Mike Novogratz’s digital asset financial services firm, Galaxy Digital, reported a net loss of $216 million for the first quarter of 2026 on April 28, 2026. This financial result represents an improvement compared to the $0.86 loss per share recorded in Q1 2025, with the current quarter showing a loss of $0.49 per diluted share. According to MarketBeat data, these earnings exceeded analyst expectations, which had forecasted a more significant loss of $0.59 per share for the period ending March 31.
Gross revenue for the first quarter of 2026 stood at $10.2 billion. This figure is consistent with the $10.2 billion reported in the fourth quarter of 2025 but marks a decrease from the $12.9 billion generated during the same period in the previous year. The company stated that the quarterly loss was primarily driven by weaker digital asset prices, which negatively impacted the valuation of its investment positions and treasury holdings.
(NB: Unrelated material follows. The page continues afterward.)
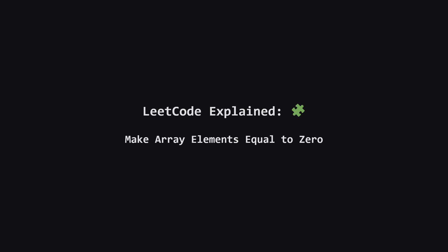Hey everyone, and welcome. Today we're tackling a really interesting problem called make array elements equal to zero. It sounds simple, but it has some neat mechanics that we'll break down together. Let's get started.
The first quarter of 2026 saw a significant pullback in the broader cryptocurrency market, with total market capitalization falling by approximately 20%. This volatility heavily impacted Galaxy’s Treasury and Corporate segment, which reported an adjusted EBITDA loss of $167 million. In contrast, the Digital Assets segment managed to generate $49 million in adjusted gross profit, reflecting what the company describes as a stabilization of recurring fee revenue despite the softer market environment.
These results follow a challenging 2025 fiscal year. Galaxy previously reported a net loss of $241 million for the full year 2025, with gross revenue totaling $61.4 billion. The volatility observed in early 2026 continues a trend seen in the fourth quarter of 2025, when the firm recorded a $482 million loss due to declining crypto holdings. To manage shareholder value during these periods, the Galaxy Digital board previously approved a buyback of up to 200 million Class A shares.
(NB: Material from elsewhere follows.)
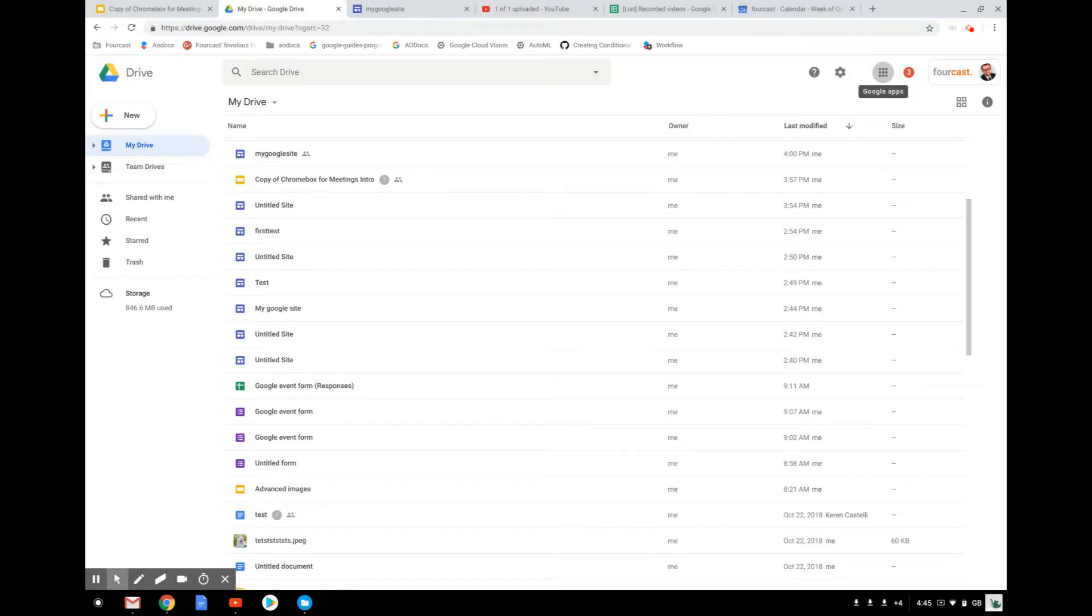Hello and welcome to this short video where I'm going to show you how to benefit from the Cloud Search functionality of Google.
Operational pivot to AI and data centers
Galaxy Digital is currently undergoing a transition from a strictly market-driven business model to one focused on infrastructure and high-performance computing. The center of this strategy is the Helios data center campus in Texas. The company confirmed in its latest SEC filing that it expects to begin recognizing revenue from this facility in the second quarter of 2026.
As of April 2026, Galaxy has delivered the first data hall to its partner, CoreWeave. The company remains on schedule to deliver substantially all 133 megawatts of critical IT load under the Phase I lease agreement by the end of June 2026. This infrastructure is specifically designed to handle AI workloads and high-performance computing, providing the firm with a source of revenue that is less sensitive to the fluctuations of the cryptocurrency market.
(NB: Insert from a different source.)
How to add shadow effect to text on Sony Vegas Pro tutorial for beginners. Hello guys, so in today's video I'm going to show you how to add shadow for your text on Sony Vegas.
The company’s equity capital reached $2.8 billion as of March 31, 2026, representing a 46% increase year-over-year. Galaxy detailed the distribution of this capital as follows:
33% in digital assets.
28% in data centers and infrastructure.
39% in treasury and corporate holdings.
Liquidity and future outlook
The increase in equity capital highlights the firm’s success in diversifying its balance sheet. While digital assets remain a core part of the business, the growing weight of data centers (28%) indicates a clear shift toward physical infrastructure. This pivot is supported by previous liquidity moves, such as the sale of $9 billion in Bitcoin in July 2025, which the company clarified was driven by estate planning rather than market or technical concerns.
Looking forward, Galaxy’s financial performance for the remainder of 2026 will likely depend on the successful operational ramp-up of the Helios site. The transition to providing infrastructure for AI and high-performance computing is intended to provide a more resilient financial base. While the $216 million loss in Q1 reflects the ongoing challenges of the crypto asset market, the company’s focus is now on the second quarter, when the first revenue streams from its large-scale data center projects are expected to materialize.
This article is for informational purposes and does not constitute financial advice.